* [PROMPT]: Return the line containing "Superstar | Boomplay Music" and every line beneath it through the end of the entries below, unchanged. Pictures stay out.

Web page caption snippets

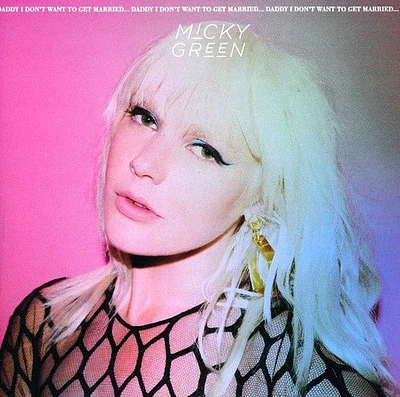 Micky Green - Daddy I Don't Want to Get Married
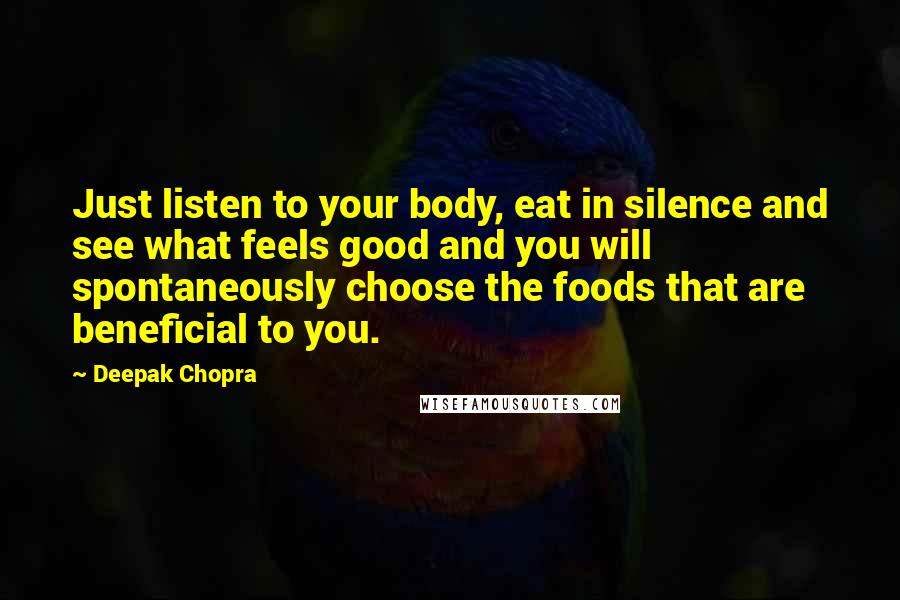 Deepak Chopra Quotes: Just listen to your body, eat in silence and see what feels good and you will spontaneously choose the foods that are beneficial to you.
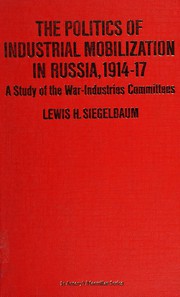 Cover of: The politics of industrial mobilization in Russia, 1914-17: a study of the war-industries committees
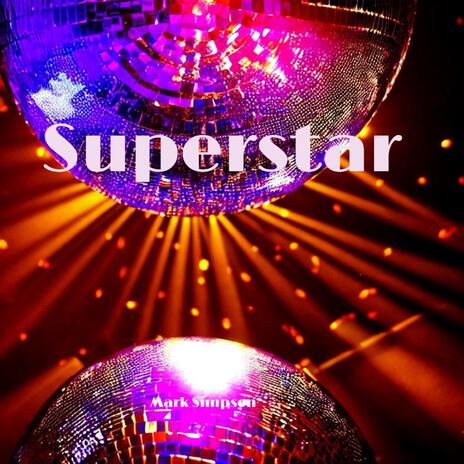 Superstar | Boomplay Music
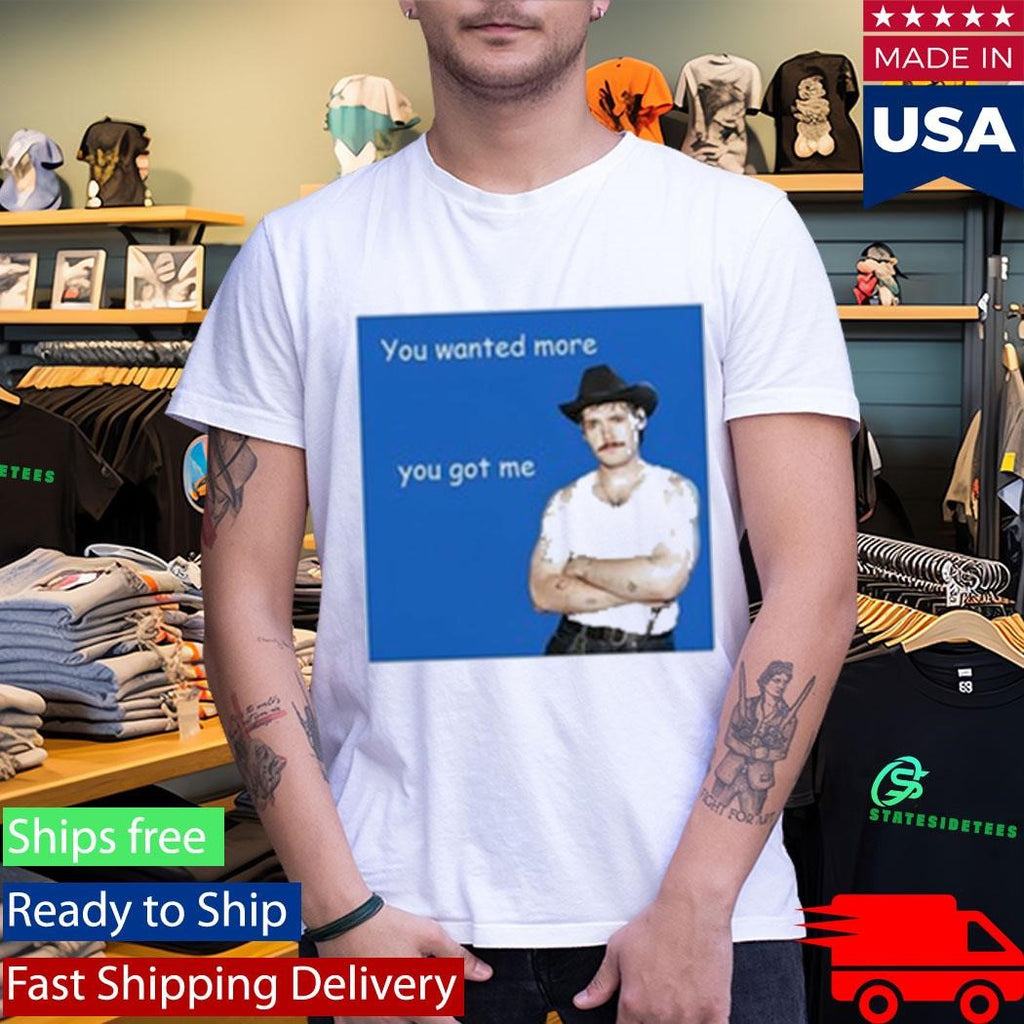 James Marriott You Wanted More You Got Me Shirt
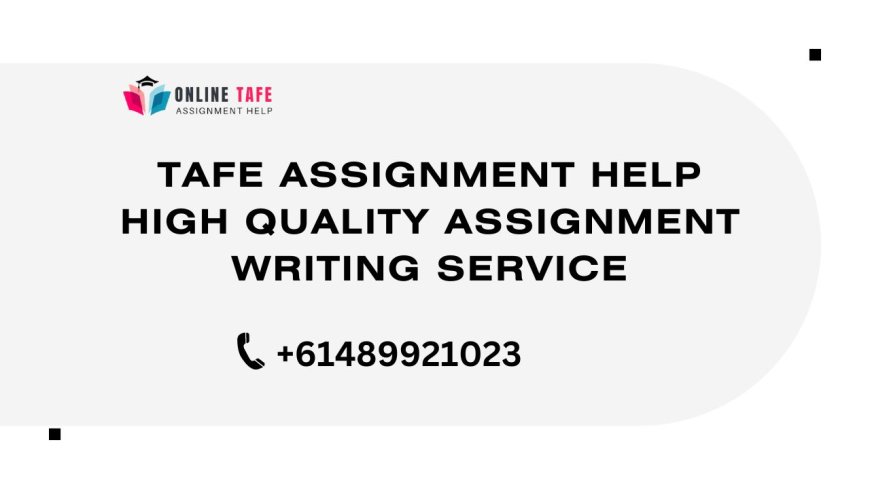 TAFE Assignment Help - High Quality Assignment Writing Service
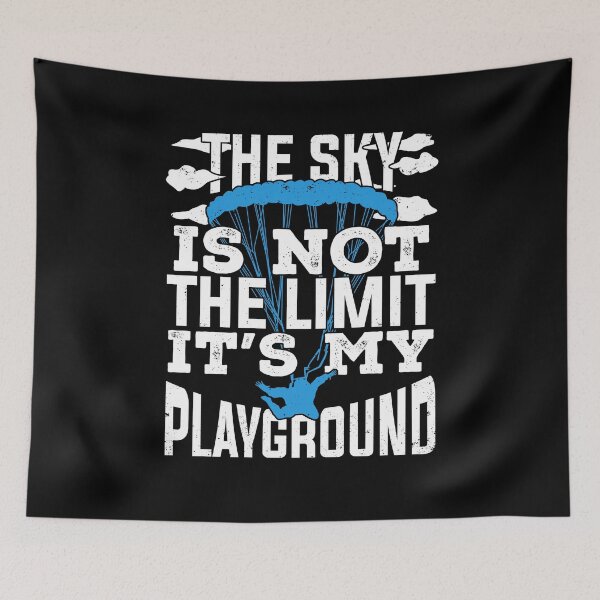 Item preview, The Sky Is Not The Limit It's My Playground designed and sold by Marcid95.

* [ANSWER]:
 Superstar | Boomplay Music
 James Marriott You Wanted More You Got Me Shirt
 TAFE Assignment Help - High Quality Assignment Writing Service
 Item preview, The Sky Is Not The Limit It's My Playground designed and sold by Marcid95.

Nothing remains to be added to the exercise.